Paul’s words to the Romans offer us the knowledge that sin took away. That life comes from God through Christ. It is Christ’s sacrifice on the cross that brings us back into God’s kingdom. As Paul states, "one man’s obedience to God means that many will be made righteous."
As I stated earlier, I worried about the future of the church following General Conference last year, especially since much of what took place was a battle of words, all in the name of God. But I have hope for the future. But it is a hope based on a different vision, not one offered by man but one offered by God.

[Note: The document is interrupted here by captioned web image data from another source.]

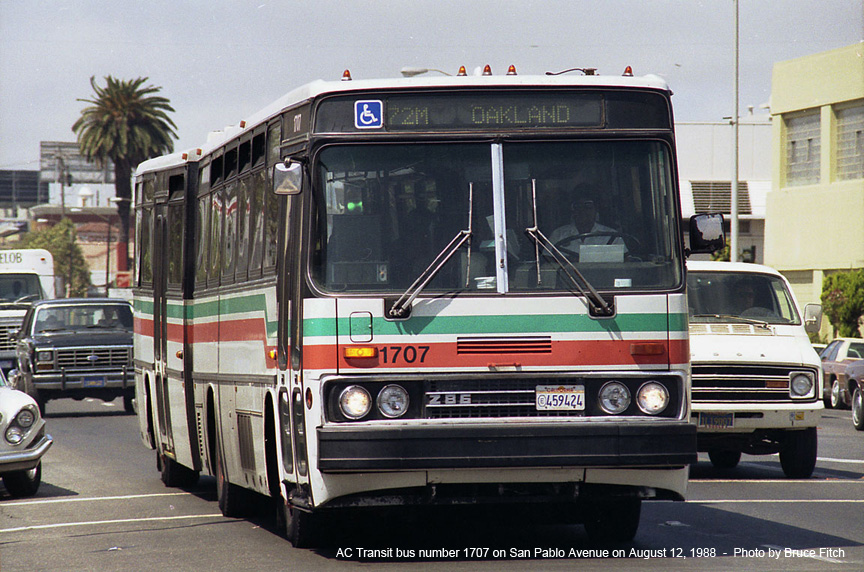 AC Transit bus 1707 in Oakland on August 15, 1988.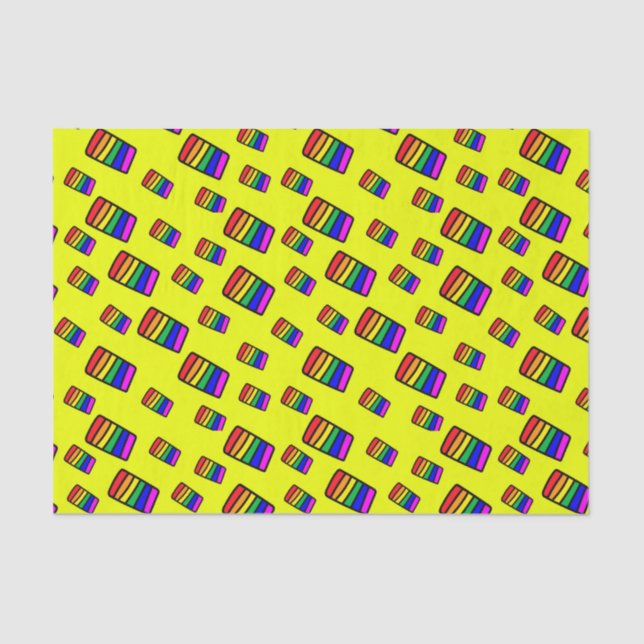 Papier Mousseline Funky Neon Rainbow Block Motif (Recto)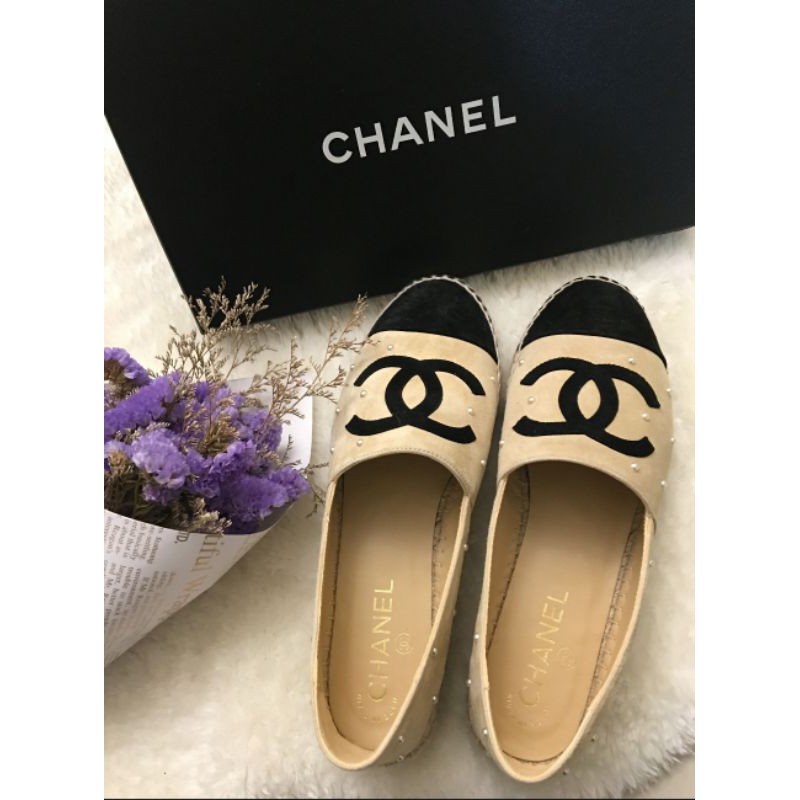 CHANEL Espadrilles 香奈兒 珍珠草編鉛筆鞋 鉛筆鞋 休閒鞋 平底鞋 現貨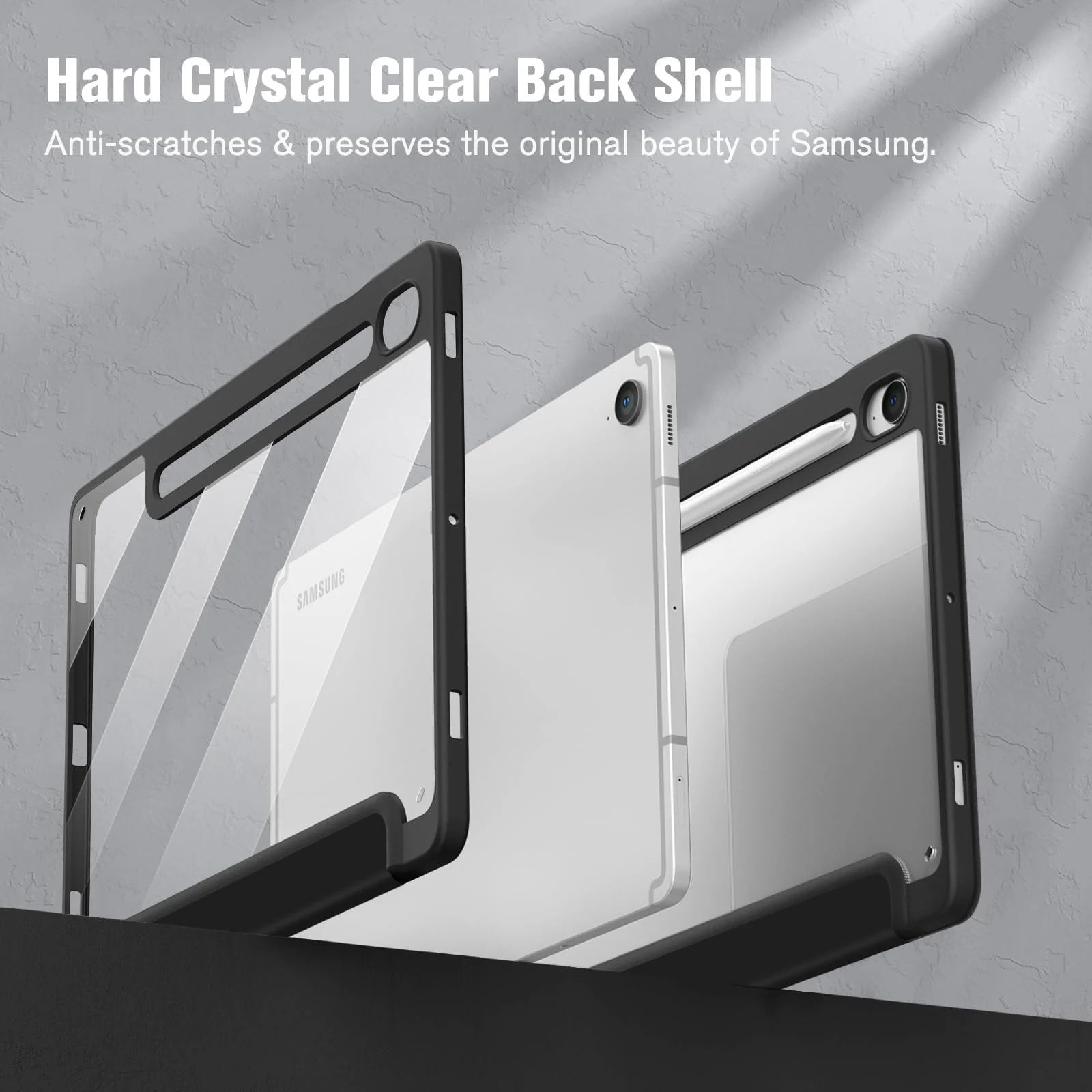 DL3 Mobilak Hybrid Slim Case for Samsung Galaxy Tab S9 FE 5G 10.9 Inch/Galaxy Tab S9 11 Inch 2023 with S Pen Holder, Shockproof Cover with Clear Transparent Back Shell, Auto Wake/Sleep - Black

We cannot offer hope for the future by ourselves; it must come from God. The prophet Habakkuk was a dissenter, a critic, and a voice of the opposition. He was the type of person who spoke out about the problems of society. But at the beginning of his prophecy, he did little to change society. It was when God spoke to him and told him to write down the vision that things began to change. (Adapted from God’s Politics by Jim Wallis, page 27)
For us, it is the cross that is the ultimate metaphor of prophetic criticism.
It means the end of the old consciousness that brings death on everyone. The crucifixion articulates God odd freedom, his strange justice, and his peculiar power; it is this freedom, justice, and power that break the power of the old age and bring it to death. Without the cross, prophetic imaginations will likely to be as strident and destructive as that which it criticizes. The cross is the assurance that effective prophetic criticism is done not by an outsider but always by one who must embrace the grief, enter into the death, and know the pain of the criticized one. (Adapted from The Prophetic Imagination by Water Brueggemann (Cokesbury prayer guide)
The crucifixion of Jesus is not to be understood simply in good liberal fashion as the sacrifice of a noble man, nor should we too quickly assign a cultic, priestly theory of atonement to the event. Rather, we might see the crucifixion of Jesus as the ultimate act of prophetic criticism in which Jesus announces the end of a world of death and takes that death into his own person.
We celebrate Holy Communion for two reasons. The first is to remember that last night before the crucifixion; the second is to celebrate what that crucifixion means for our lives today. We see the world in one way when we live without Christ; when we accept Christ as our own and personal Savior, when we allow the Holy Spirit to come into our lives, the way in which we see the world changes.
Is today the beginning or the end? It is the first Sunday in Lent, so in one sense it is the beginning. But it is also the end of a life lived without Christ, if we will let it be. The beginning or the end, the answer lies in your heart.